Godfrey's Cordial was a patent medicine, containing laudanum (tincture of opium) in a sweet syrup, which was commonly used as a sedative to quiet infants and children in Victorian England. Used mostly by mothers working in agricultural groups or industry, it ensured that she could work the maximum hours of her employment, without being disturbed by her infant, and thus increased the family income. It was also used by nurses and baby-minders to enable them to neglect their duties if they wished.

== Origin and composition ==
The original formula was named after apothecary Thomas Godfrey of Hunsdon in Hertfordshire. After his death in 1721, without leaving a clear heir to his work, others claimed to have the formula and it was mass-produced across England. Some also ascribed the medicine to Ambroise Hackwitz, also an apothecary, at around the same time, who changed his name to Godfrey and did business in Southampton Row.

Thomas Wakley analysed the formula in 1823, and the ingredients, as he discovered them, were published in The Lancet.
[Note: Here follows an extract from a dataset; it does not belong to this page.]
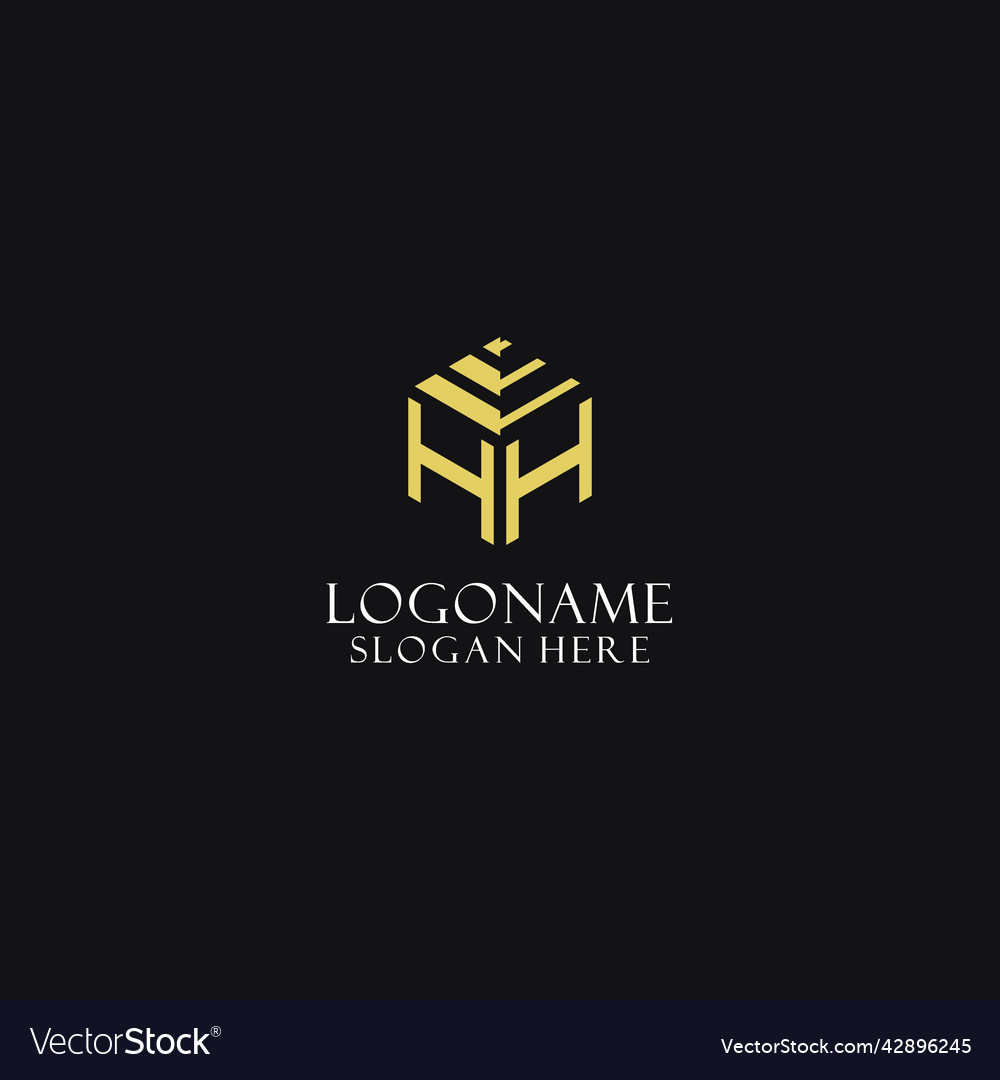 Hh initial monogram with hexagon shape logo Vector Image Hh initial monogram with hexagon shape logo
They included ginger, rectified spirits of wine, oil of sassafras, tincture of opium and Venice treacle. Other preparations have also been suggested, especially in light of the fact that opium was one of the most adulterated drugs in Victorian England. Godfrey's cordial contained about 11/4 grain of opium per ounce apothecaries' system (~0.26% by mass) and was readily available without prescription in England and North America.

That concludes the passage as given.